純資産は前連結会計年度に比べ124,392千円増加し、2,145,562千円となりました。増加の主な要因は、剰余金の配当を49,439千円、自己株式処分差損を40,068千円計上した一方、当期純利益を96,999千円、自己株式の処分を78,315千円計上したこと等によるものであります。

 

(2) 資本の財源及び資金の流動性についての分析

①  キャッシュ・フローの状況

当連結会計年度末における現金及び現金同等物(以下「資金」という)は前連結会計年度に比べ172,351千円増加し、1,371,941千円となりました。

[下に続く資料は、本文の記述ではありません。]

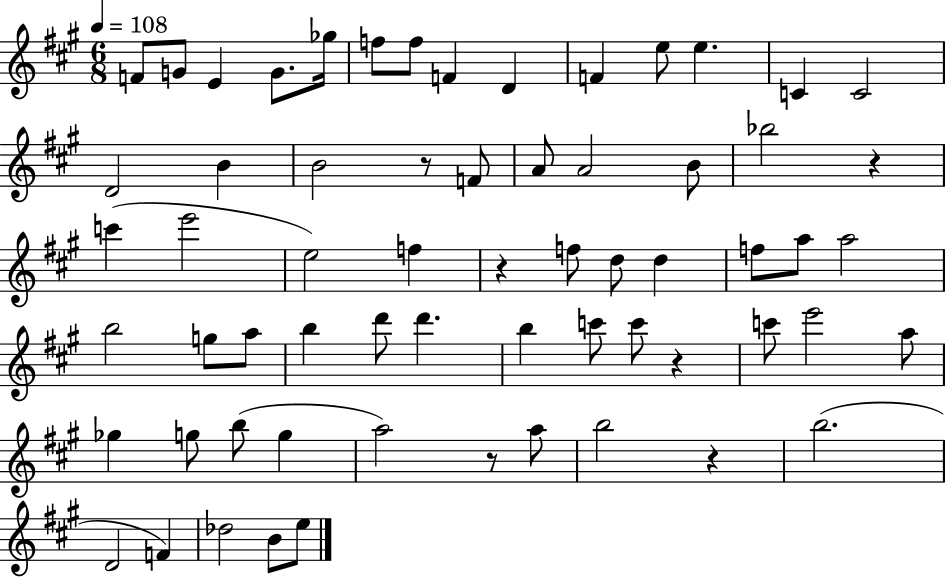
X:1
T:Untitled
M:6/8
L:1/4
K:A
F/2 G/2 E G/2 _g/4 f/2 f/2 F D F e/2 e C C2 D2 B B2 z/2 F/2 A/2 A2 B/2 _b2 z c' e'2 e2 f z f/2 d/2 d f/2 a/2 a2 b2 g/2 a/2 b d'/2 d' b c'/2 c'/2 z c'/2 e'2 a/2 _g g/2 b/2 g a2 z/2 a/2 b2 z b2 D2 F _d2 B/2 e/2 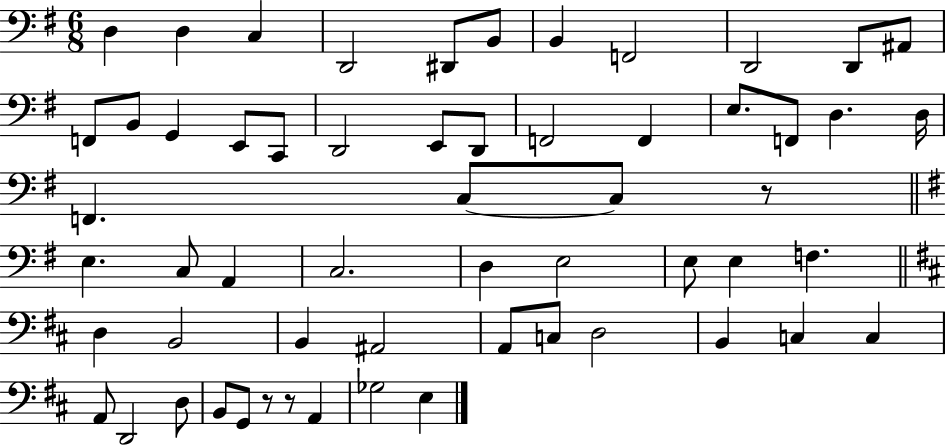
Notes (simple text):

D3/q D3/q C3/q D2/h D#2/e B2/e B2/q F2/h D2/h D2/e A#2/e F2/e B2/e G2/q E2/e C2/e D2/h E2/e D2/e F2/h F2/q E3/e. F2/e D3/q. D3/s F2/q. C3/e C3/e R/e E3/q. C3/e A2/q C3/h. D3/q E3/h E3/e E3/q F3/q. D3/q B2/h B2/q A#2/h A2/e C3/e D3/h B2/q C3/q C3/q A2/e D2/h D3/e B2/e G2/e R/e R/e A2/q Gb3/h E3/q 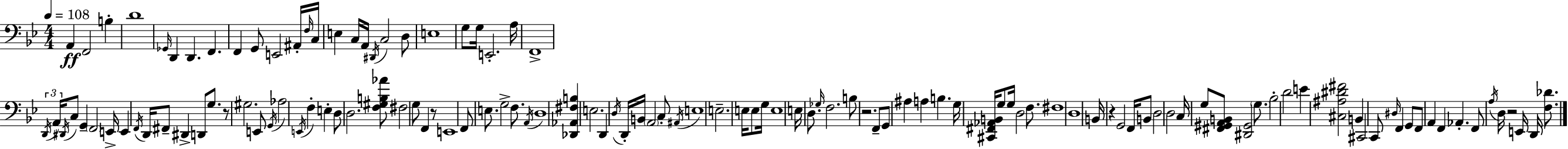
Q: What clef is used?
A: bass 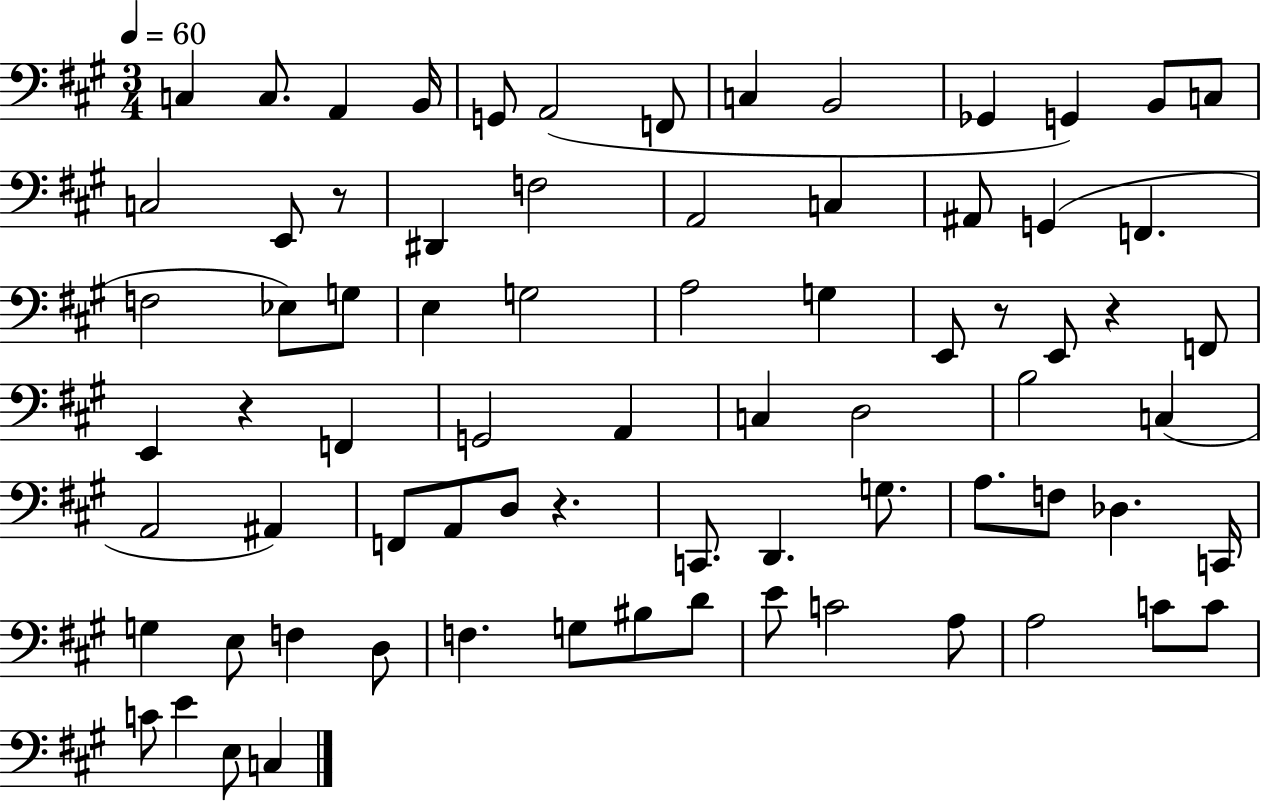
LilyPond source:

{
  \clef bass
  \numericTimeSignature
  \time 3/4
  \key a \major
  \tempo 4 = 60
  c4 c8. a,4 b,16 | g,8 a,2( f,8 | c4 b,2 | ges,4 g,4) b,8 c8 | \break c2 e,8 r8 | dis,4 f2 | a,2 c4 | ais,8 g,4( f,4. | \break f2 ees8) g8 | e4 g2 | a2 g4 | e,8 r8 e,8 r4 f,8 | \break e,4 r4 f,4 | g,2 a,4 | c4 d2 | b2 c4( | \break a,2 ais,4) | f,8 a,8 d8 r4. | c,8. d,4. g8. | a8. f8 des4. c,16 | \break g4 e8 f4 d8 | f4. g8 bis8 d'8 | e'8 c'2 a8 | a2 c'8 c'8 | \break c'8 e'4 e8 c4 | \bar "|."
}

なお、当連結会計年度における各キャッシュ・フローの状況は次のとおりであります。

(営業活動によるキャッシュ・フロー)

当連結会計年度の営業活動の結果増加した資金は、593,576千円(前連結会計年度は481,194千円の増加)であります。主な増加の要因は、売上債権の増加額11,333千円、新株予約権戻入益10,582千円及び法人税等の支払額213,467千円等に対し、税金等調整前当期純利益218,948千円、投資有価証券評価損267,985千円、減価償却費181,304千円及びのれん償却額114,421千円等によるものであります。

(投資活動によるキャッシュ・フロー)

当連結会計年度の投資活動の結果減少した資金は312,590千円(前連結会計年度は390,772千円の減少)であります。主な減少の要因は、無形固定資産の取得による支出162,386千円、有形固定資産の取得による支出51,851千円及び投資有価証券の取得による支出48,391千円等によるものであります。

(財務活動によるキャッシュ・フロー)

当連結会計年度の財務活動の結果減少した資金は、106,498千円(前連結会計年度は169,640千円の減少)であります。主な減少の要因は、自己株式の処分による収入38,247千円に対し、長期借入金の返済による支出113,896千円及び配当金の支払額49,496千円等によるものであります。

 

 

②  財務政策

当社グループの財務方針は、中長期にわたる持続的な成長を可能とする十分な資金源を確保するとともに、バランスシートを強化することにあります。資金調達については、新株式発行による収入が大半を占めておりますが、今後はよりいっそう営業活動によるキャッシュ・フローの強化やスポットでの資金需要に対応できる金融機関借入枠の確保等を図ってまいります。バランスシートについては、過重な投資を避け、有利子負債の少ないスリムなものをめざしてまいります。